A ransomware speed record: three hours to disaster

by Black Hat Middle East and Africa
on
A ransomware speed record: three hours to disaster

James Cameron’s Titanic runs for three hours and 14 minutes. In that time, Jack and Rose meet, fall in love, and the ship sinks.

In 2025, one ransomware victim lost its network even faster.

According to Barracuda’s Managed XDR Global Threat Report (February 2026), the fastest observed ransomware attack went from initial compromise to full encryption in just three hours. 

That case involved Akira (one of the most active ransomware groups of the year), and it sets a new benchmark for operational speed. For cybersecurity practitioners, it’s tough news – because by the time your first alert lands, the attackers could already be staging payloads.

And speed isn’t the only worrying piece of the report.

Barracuda found that 96% of incidents involving lateral movement ended with the release of ransomware. Once attackers start moving, the odds of encryption spike dramatically. There’s no leisurely dwell time here. It’s breach, pivot, encrypt.

The firewall is the front door

Barracuda reports that 90% of ransomware incidents exploited firewalls, either through a known CVE or a vulnerable account. That means the perimeter device meant to keep attackers out is often the entry point.

That finding aligns neatly with Securin’s Ransomware Index Report 2025, which documents a clear shift towards infrastructure-level compromise – hypervisors, ESXi hosts, Fortinet perimeters and collaboration platforms. 

Attackers are no longer content with a single workstation; they’re targeting the systems that hold the business together.

Securin analysed 7,061 confirmed victims across 117 groups, with Akira accounting for 650 victims in 2025. The group’s playbook emphasises rapid infrastructure mapping, vulnerability correlation and high-leverage timing of encryption events.

Three hours starts to make more sense when you consider that level of preparation.

From dwell time to detonation time

We’ve all been obsessed with dwell time for years. But Barracuda’s dataset (drawn from more than two trillion IT events and nearly 600,000 security alerts in 2025) shows a threat landscape defined more by pre-positioned exploits and rapid privilege escalation – and of course, automation. Once inside, attackers escalate and execute fast. 

Securin’s researchers describe 2025 ransomware as behaving “less like cybercrime and more like a coordinated campaign to undermine digital trust”. 

The groups dominating the ecosystem (including Qilin, Akira and CL0P) operate with APT-grade discipline and decentralised affiliate structures.

Speed is a business advantage. The faster the encryption, the less time defenders have to isolate hosts, revoke tokens or shut down VPN access. 

And AI, even though it’s not fully autonomous, is acting as an accelerator. Securin notes that AI has compressed access and extortion workflows, and increased volume and velocity across campaigns. 

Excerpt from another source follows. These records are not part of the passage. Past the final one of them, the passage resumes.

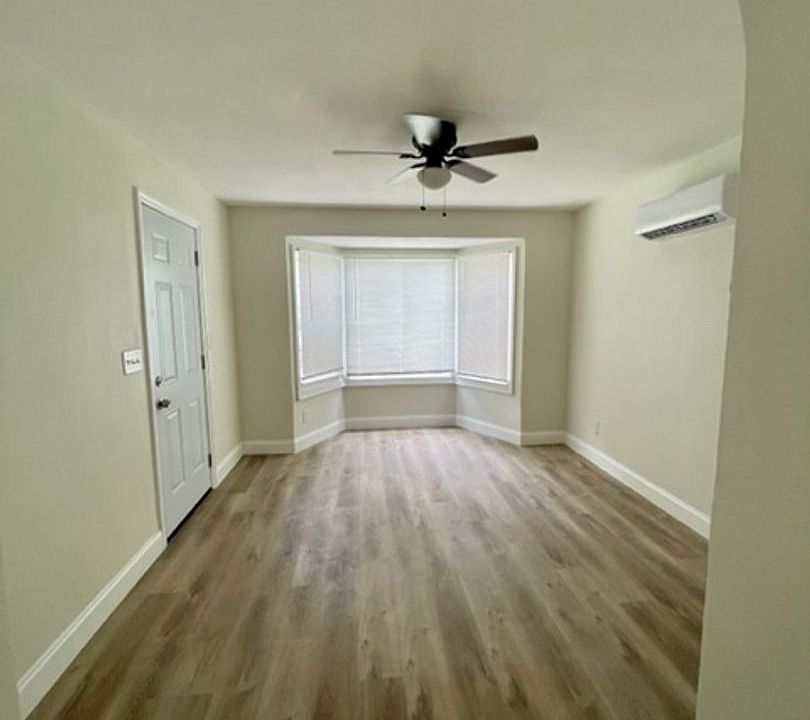 1st image of 618 17th Ave S #E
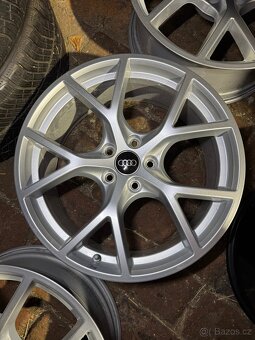 Originální sada alu kol Audi RS3 8Y0 - 2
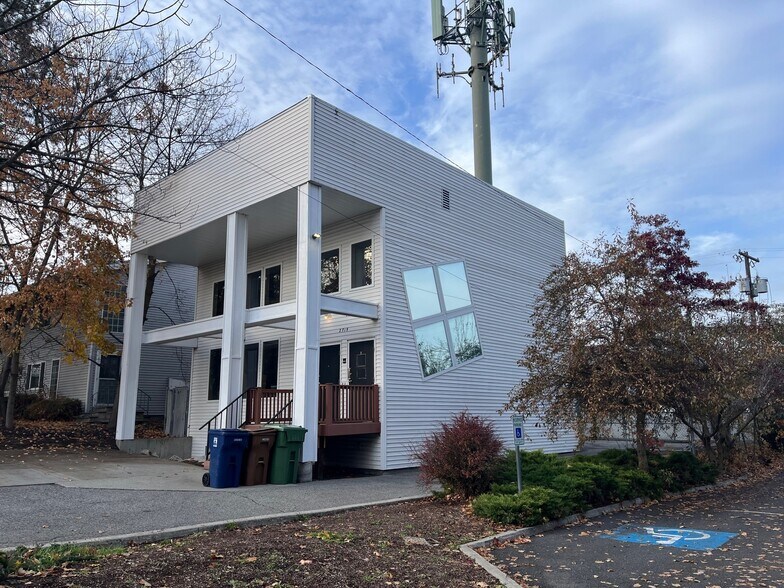 Primary Photo Of 2715 E 31st Ave, Spokane Office For Sale
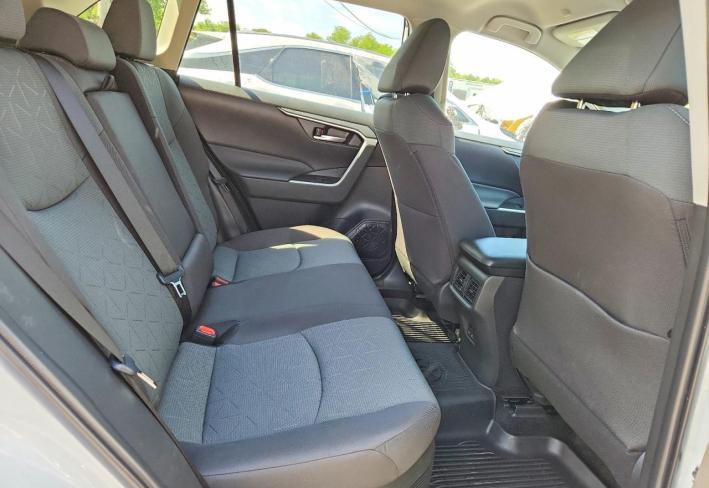 Salvage 2025 Toyota Rav4 Hybrid Xle in White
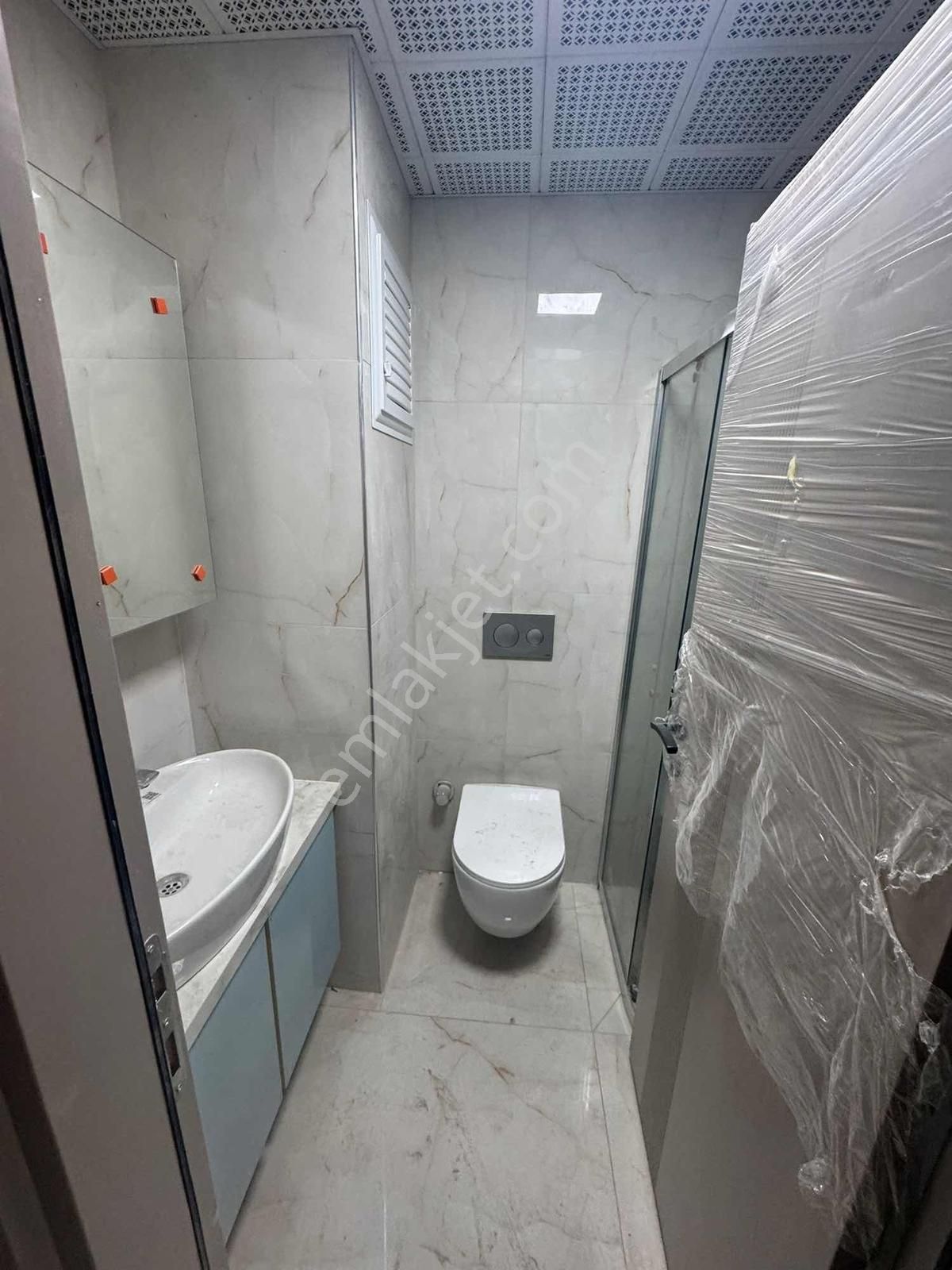 Çıplaklı'da Site İçi 5+1 Asansörlü Villa - Görsel 9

The calculations cyber practitioners have to make 

If encryption can happen in three hours, what does that mean in practical terms?

  • Your mean time to detect (MTTD) has to be measured in minutes, not days.
  • Privilege escalation alerts can’t sit in a queue.
  • Firewall patching isn’t a quarterly housekeeping task anymore – it’s frontline risk management.

Barracuda’s data also shows that 100% of security incidents involved at least one unprotected or rogue endpoint. Rather than an advanced zero day problem, that’s asset hygiene. 

While attackers are compressing the attack chain, many organisations are still debating tool consolidation and SOC staffing models. Three hours is, if we’re honest, shorter than some board meetings. 

Here’s what you can build into your resilience strategy this year to mitigate the impact of high-speed ransomware: 

  • Treat firewall and VPN exposure as Tier 1 risk. Patch aggressively and audit privileged accounts continuously.
  • Instrument lateral movement detection. With 96% of lateral movement cases ending in ransomware, this is the inflection point.
  • Rehearse sub-four-hour containment. If your incident response playbook assumes a 24-hour window, it’s obsolete.

The Titanic sank because the threat was underestimated and the response options were limited. In 2026, we can still learn from that.